Buyers Sing Blues After Memphis Bond Default Goes Unrecognizedby
Low-income housing bonds lose 81 percent after subsidy pulled
Debt still sold for 110 cents on the dollar days after default
Early last month, a ministry that owns two dilapidated apartment complexes in Memphis said the federal government cut off rental subsidies used to repay $12 million of bonds, triggering a default that would cause the price of the securities to tumble by as much as 81 percent.
Apparently, not all investors got word of the debacle. Seven days after the apartments’ owner, Global Ministries Foundation, made the disclosure, the tax-exempt debt was still sold in lots of $25,000 and $50,000 to buyers for as much as 110 cents on the dollar. Within days, they saw the value of their bonds plummet to as little as 21 cents.
“It’s odd that the price didn’t adjust more quickly,” said Richard Ryffel, a former municipal-bond banker at Bank of America Corp. who teaches finance at Washington University’s Olin Business School in St. Louis. “Why would they have bought at that price?"
The trades show that small-time investors, who are the biggest holders of state and local debt, may still not be receiving key information when they buy bonds, despite regulators’ years-long effort to inject more transparency into one of Wall Street’s most opaque niches.

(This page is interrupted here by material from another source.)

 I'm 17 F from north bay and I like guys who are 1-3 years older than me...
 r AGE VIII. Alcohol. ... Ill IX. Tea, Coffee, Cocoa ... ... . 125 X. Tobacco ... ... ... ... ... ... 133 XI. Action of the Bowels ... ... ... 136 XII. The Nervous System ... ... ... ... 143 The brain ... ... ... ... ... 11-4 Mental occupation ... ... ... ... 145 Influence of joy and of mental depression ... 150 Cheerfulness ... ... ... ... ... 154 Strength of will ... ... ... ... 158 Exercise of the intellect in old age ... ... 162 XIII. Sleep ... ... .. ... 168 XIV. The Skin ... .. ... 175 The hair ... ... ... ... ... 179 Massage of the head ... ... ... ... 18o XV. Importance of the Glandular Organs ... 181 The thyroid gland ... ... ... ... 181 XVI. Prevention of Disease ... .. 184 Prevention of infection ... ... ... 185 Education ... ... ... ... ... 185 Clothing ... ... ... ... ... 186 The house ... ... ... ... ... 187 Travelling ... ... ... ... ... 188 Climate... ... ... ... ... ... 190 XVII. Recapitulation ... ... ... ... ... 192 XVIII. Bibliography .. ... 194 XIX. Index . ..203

It wasn’t until 2005 that investors could even access real-time prices to see whether they were being overcharged when trading in the $3.7 trillion market, where more than 50,000 borrowers have issued over a million securities. In 2009, the Municipal Securities Rulemaking Board, the industry’s regulator, created its EMMA system, the first comprehensive, publicly accessible website where issuers report information that could affect the value of their bonds. Yet many investors don’t know the records are available or rely on brokers to disclose the risks.
MSRB rule G-47 prohibits dealers from purchasing or selling municipal bonds for a customer without disclosing orally or in writing “all material information known about the transaction, as well as material information about the security that is reasonably accessible to the market.” MSRB rules also require that brokers take into account all the factors about the value of the security and charge “fair and reasonable” prices.
“We have what we think are very significant safeguards for retail investors,” said MSRB Executive Director Lynnette Kelly, when asked about the Memphis bonds. “We can’t opine on whether there’s been a rule violation or not. Obviously the enforcement agencies have access to all of this trade information.”
The MSRB, whose board includes representatives from securities firms, writes the rules but doesn’t enforce them. That’s left up to the Securities and Exchange Commission and the Financial Industry Regulatory Authority. SEC spokesman John Nester and Finra spokesman Ray Pellecchia declined to comment.
It’s uncertain whether any brokers ran afoul of the rules when trading the housing bonds, which the Cordova, Tennessee-based non-profit ministry sold through a Memphis authority in 2011 to raise money to purchase the apartments. The identities of those buying and selling the bonds isn’t publicly disclosed.
On February 12, Global Ministries posted on the MSRB’s website a letter from the U.S. Department of Housing and Urban Development saying that the federal agency was terminating rental assistance because of the decrepit conditions. A letter from the trustee, Bank of New York Mellon Corp., said the loss of federal funds caused a default under the bond contract.
The securities didn’t trade again until Feb. 18, when a customer purchased $50,000 of them for 110.67 cents on the dollar.
The price held up the following day, with $25,000 worth changing hands for 110 cents at 9:26 a.m. New York time. Not long before 1 p.m., Standard & Poor’s cut the rating on the bonds by ten steps to CCC+, seven ranks below investment grade, saying HUD’s action will lead to operating losses and, eventually, a payment default within the next two years unless the apartments can be sold for enough to retire the debt.
Prices on the bonds fell to an average of 64 cents on Feb. 22, the next trading day. By the end of the week, they hit a low of 21 cents.
Ryffel, the former banker, said he doubts the buyers were intentionally left in the dark.
“I don’t think a broker-dealer would lightly skirt making lawfully required disclosure,” said Ryffel. “Any dealer in the know about these bonds would say the last thing I want to do is fail to disclose when there’s hair all over the deal.”